→ Assigned task: In the listing below, the lines starting with the line with "Tamron 28-75 mm" and going on through the line with "喷胶棉生产线产品说明3" are to be reproduced exactly, and only those.

→ Supplied data:

--- START ---

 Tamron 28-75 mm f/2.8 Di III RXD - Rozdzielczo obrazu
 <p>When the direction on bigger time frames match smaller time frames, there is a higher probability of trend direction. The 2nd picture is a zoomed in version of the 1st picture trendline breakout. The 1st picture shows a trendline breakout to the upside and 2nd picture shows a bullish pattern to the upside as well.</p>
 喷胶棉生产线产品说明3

--- END ---
--- START ---

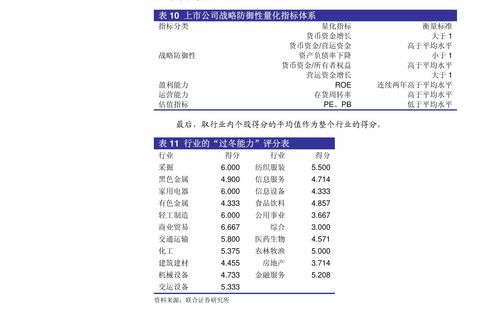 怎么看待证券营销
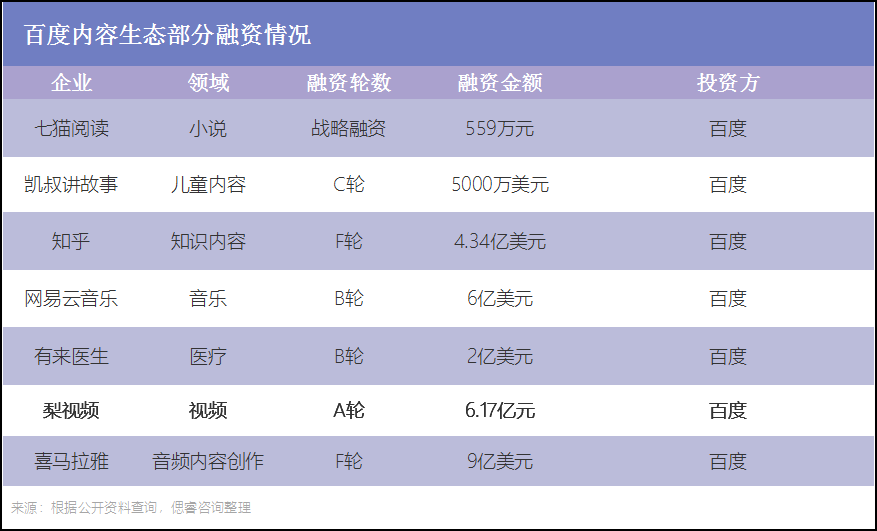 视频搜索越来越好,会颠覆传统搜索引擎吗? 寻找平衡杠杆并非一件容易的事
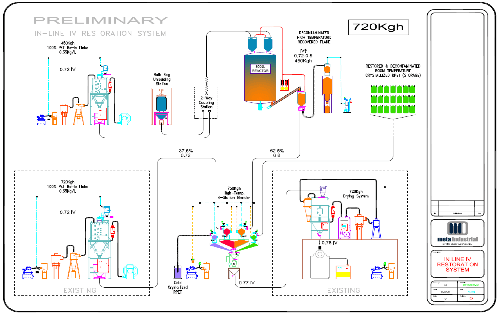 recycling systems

--- END ---

→ Solution:
 Tamron 28-75 mm f/2.8 Di III RXD - Rozdzielczo obrazu
 <p>When the direction on bigger time frames match smaller time frames, there is a higher probability of trend direction. The 2nd picture is a zoomed in version of the 1st picture trendline breakout. The 1st picture shows a trendline breakout to the upside and 2nd picture shows a bullish pattern to the upside as well.</p>
 喷胶棉生产线产品说明3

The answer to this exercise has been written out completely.